Lo sarcástico es que por cada europeo vilmente asesinado van a morir vilmente asesinados docenas de musulmanes. ¿A alguien se le ha ocurrido pensar que la existencia de individuos de esta ralea —capaces de autoinmolarse en público y llevarse por delante a unos cuantos infieles— proviene de la consideración intelectual de unos sabios que, oculta y deliberadamente, influyen sobre las mentes, ofreciéndoles una nueva tierra prometida?
Al-Ándalus, en estricto sentido histórico, es una amplia extensión ocupada en Europa durante el medievo por los musulmanes. Aunque parezca increíble, ahí radica el éxito de este tipo de terrorismo. Es la lucha por los lindes, el sentido de la posesión territorial que por esas extrañas razones enfrenta a hermanos en una herencia. Les manejan, en el caso del yihadismo, con la magia de la posesión y con el dominio que va adherido a la violencia. Es la manida lucha con los moros y contra los moros, en nombre, a la sazón, del santo Santiago, el matamoros, hasta las legendarias hazañas del Cid limpiando con sangre árabe el suelo hispano.
La historia, y no solo la religión, conduce a ciertos deseperados —a quienes previamente han despersonalizado y lavado el cerebro a conciencia— a estallarse ante la presión inconmesurable de occidente y del modo de vida occidental, inmerso en un modelo económico francamente moribundo.
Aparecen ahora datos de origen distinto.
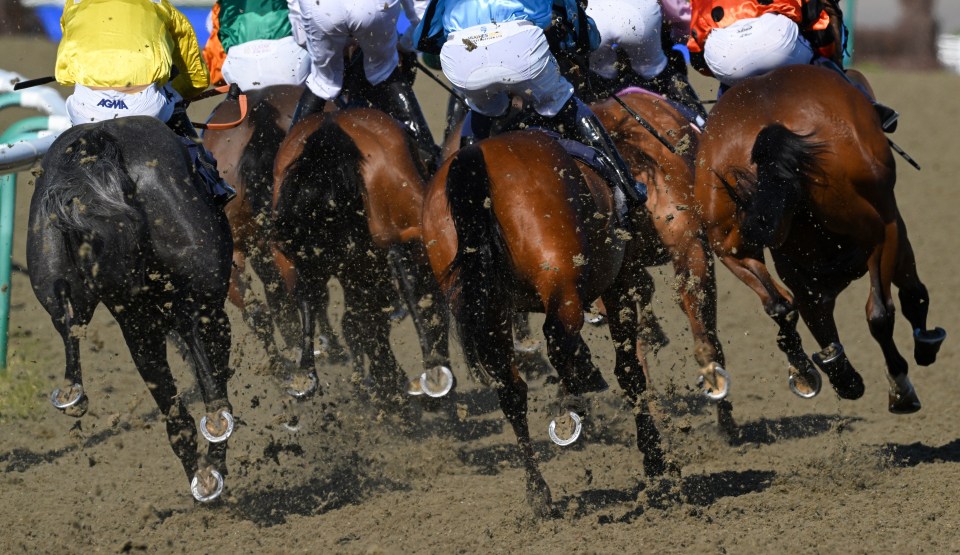 LINGFIELD, ENGLAND - APRIL 03: Runners and riders enter the final straight in the talkSPORT Powered By Fans Handicap at Lingfield Park on April 03, 2023 in Lingfield, England. (Photo by Mike Hewitt/Getty Images)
El fundamentalismo aprovecha esta situación para hincar la sobrevaloración de su ideología y para proclamar como valor absoluto algo subjetivo. Los kamikazes condicionan su vida al deseo de sus líderes. No consideran el contenido de lo que profesan sino el continente, es decir, el cerebro moral de quien proviene la orden. Sobre esa ambición debería incidir la acción represora, sobre la de los ideólogos fanáticos, que están libres de tacha.